The overall requirement on EPC function availability is to have an ISP of 99.999 percent. In other words, the unplanned out-of-service time for each function respectively cannot exceed approximately five minutes per year. The EPC functions have several internal mechanisms to support the ISP requirement, such as failover between different software components and various restart mechanisms from individual connection level to node level. “Fail fast, recover fast” is the governing principle for smaller entities that affect just one or a small number of users, with stepwise escalation to larger (internal) entities if needed.

Ericsson has developed mechanisms beyond the EPC standard for better resilience and redundancy. One example is the georedundancy between MMEs extending the standardized MME pool mechanism. Within the MME pool, one MME has a backup of parts of each UE context stored on another MME in the pool, making it possible to let another MME in the pool take over the UE without a need for reattach.

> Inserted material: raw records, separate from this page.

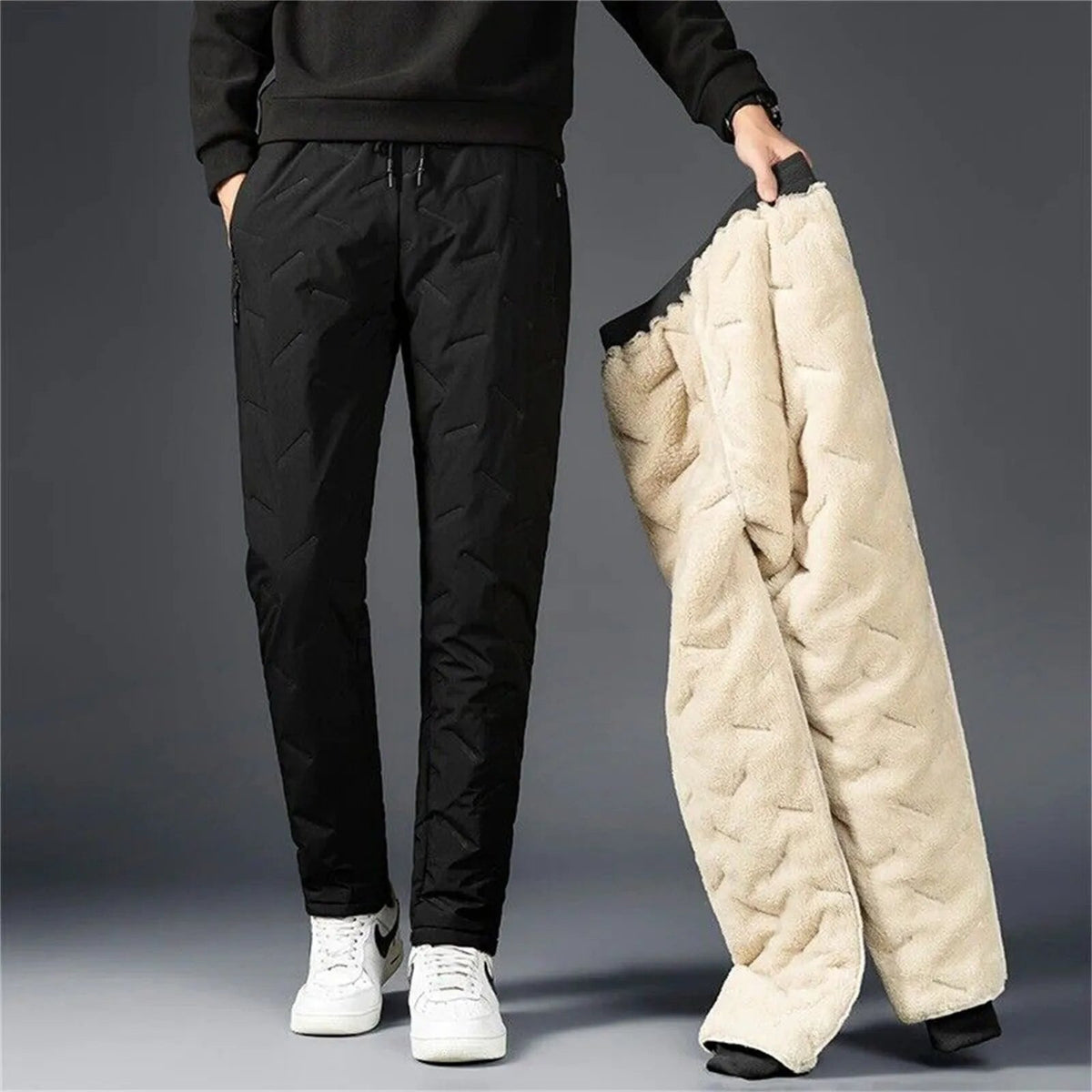 Men’s Fleece-Lined Winter Sweatpants – Waterproof Thick Joggers for Ski, Snow & Outdoor Comfort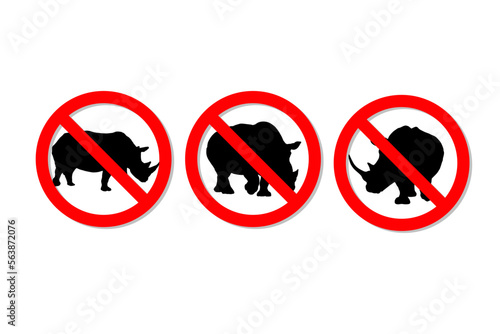 Warning sign no rhinos vector design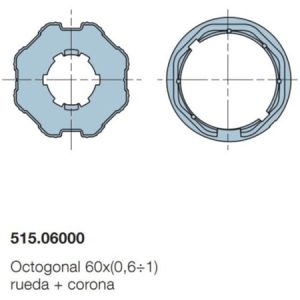 adaptador nice para eje octogonal 60mm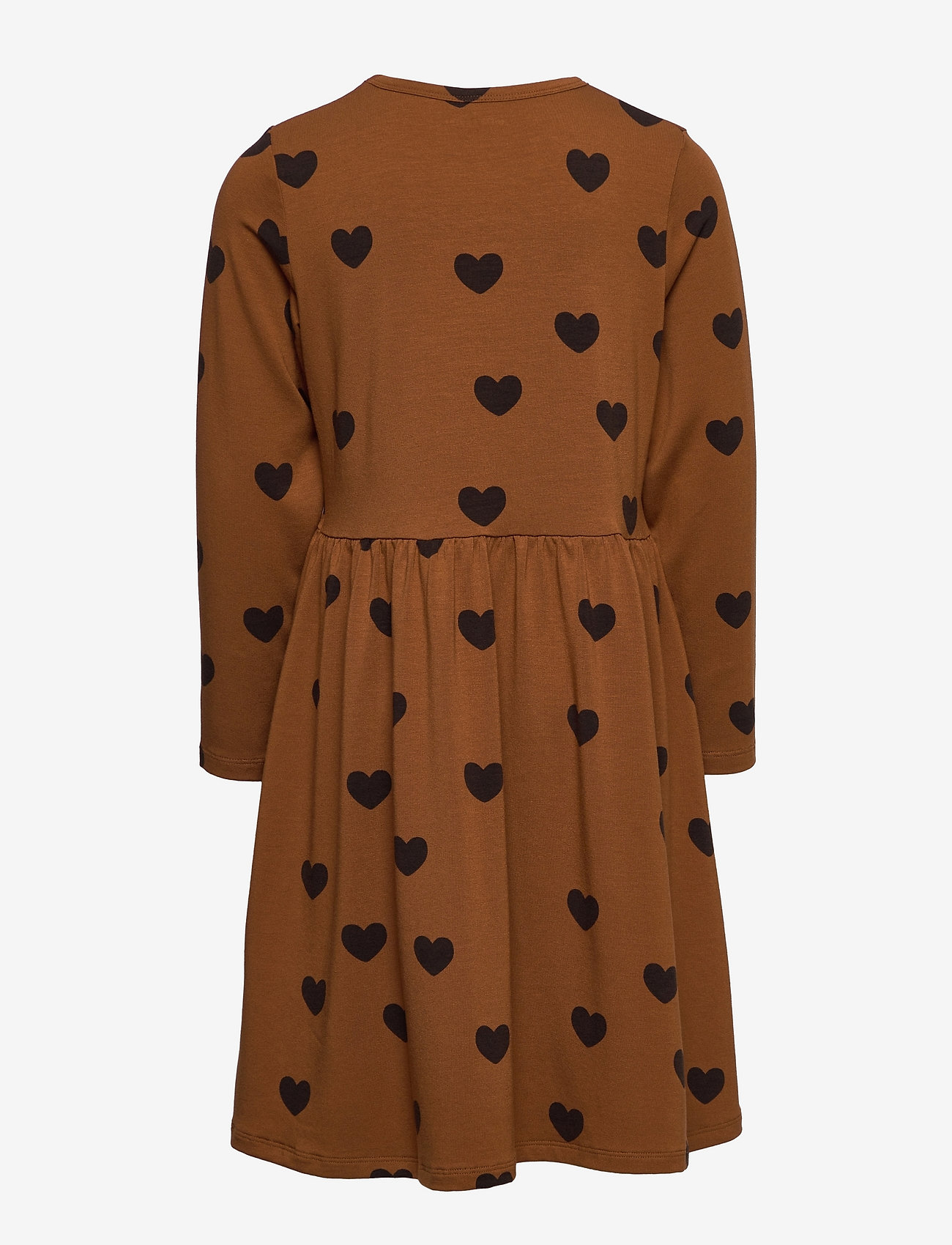 Mini Rodini - Basic hearts ls dress TENCEL™ - långärmade vardagsklänningar - brown - 1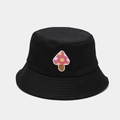 Close-up of pink mushroom embroidery detail on black cotton bucket hat for style - M (56-58cm) / Cute Mushroom Black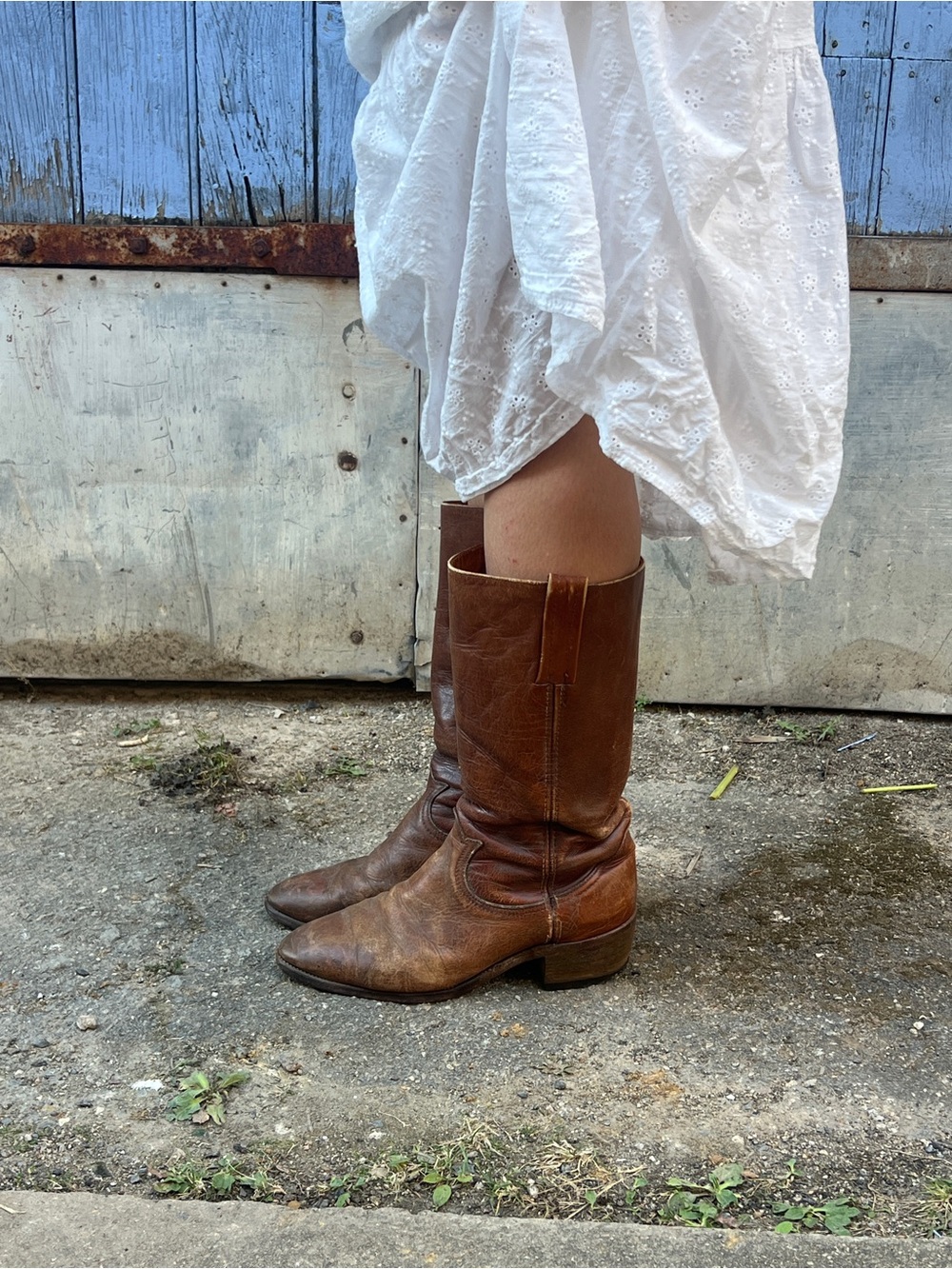 Frye Brown Leather Vintage French Cowboy Boots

The PGW/serving gateway also supports several Ericsson-developed mechanisms for redundancy, such as georedundancy solutions for the CP and the UP, both separate and combined. The implementation of Control and User Plane Separation (CUPS) led to the addition of a few more georedundancy solutions for the UP.

While several CSPs view georedundancy deployments as essential – in particular to protect sensitive Access Point Names (APNs) – many of the CSPs with PGWs configured to handle both MBB and VoLTE APNs decided that the hardware costs of georedundancy were too high due to EPC nodes that included both the CP and the UP. However, as a result of the separation of the CP and UP in CUPS (as well as in 5GC) and the increase in subscribers using VoLTE (which requires high reliability), there has been a significant increase in interest in georedundancy for both the CP and VoLTE UP. CSPs may decide to leave the MBB UP without georedundancy for cost-efficiency reasons.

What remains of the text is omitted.